Obesity likewise remains a major public health issue in countries worldwide. Over one billion people worldwide were classified as obese in 2022, and this figure continues to grow each year [6]. Data from the China Chronic Disease and Nutrition Surveillance (2015–19) indicated that more than half of Chinese adults were either overweight (34.3%) or obese (16.4%), with the country now having the largest overweight or obese population globally [7]. Obesity is associated with a range of metabolic disorders and serves as a significant risk factor for type 2 diabetes [8] and CVD [9], as well as an independent risk factor for hypertension [10].
Multiple studies have demonstrated a substantial impact of body weight changes on hypertension risk and blood pressure levels [11–17]. In 2015, the Health in Pomerania study [11] found that a one-kilogram weight change was positively associated with a 0.45-mm Hg change in systolic blood pressure (SBP) and a 0.32-mm Hg change in diastolic blood pressure (DBP) over a five-year follow-up period. Similarly, Juhaeri and colleagues [14] found that weight gain was associated with elevated blood pressure and an increased incidence of hypertension, a finding corroborated by a large Japanese study involving 3431 men and 2409 women aged 30–69 years [15]. Clinical trials have likewise indicated that weight loss effectively reduces blood pressure [10,18,19].

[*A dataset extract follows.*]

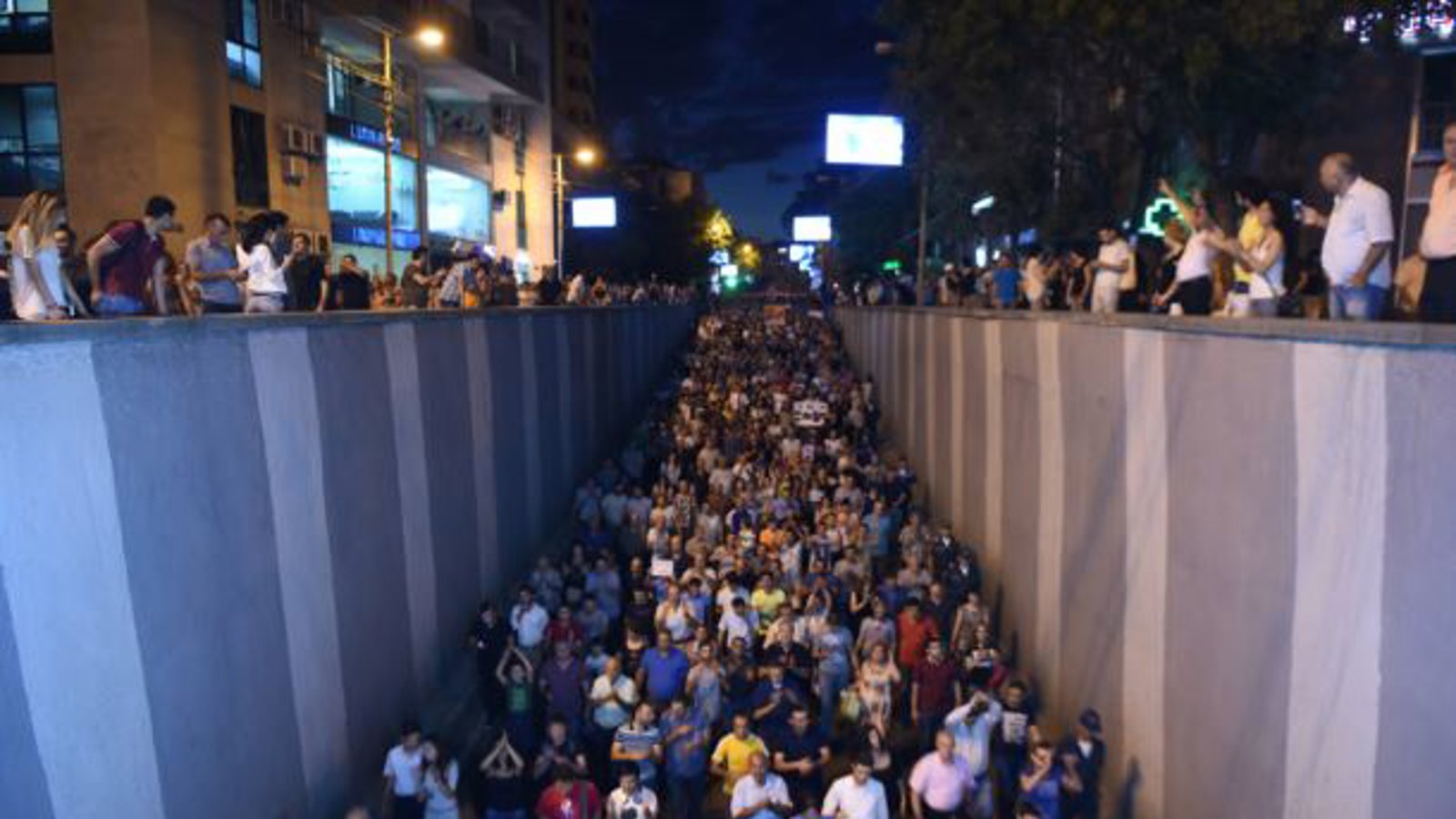 شمار مجروحان درگیری‌های ایروان به ۷۵ تن افزایش یافت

Although a position paper from the Obesity Society and the American Society of Hypertension highlighted the established association between obesity and hypertension [20], different studies reported variable effect sizes for weight change on hypertension risk. These variations could be related to the different structures of their samples, with few studies examining how long-term weight trajectories influence hypertension risk in Asian populations. This presents a significant gap in knowledge, as weight typically accumulates dynamically over decades, especially during the transition from young to middle adulthood [21]. Weight trajectory patterns may thus better reflect cumulative metabolic stress than single-time weight measurements [22].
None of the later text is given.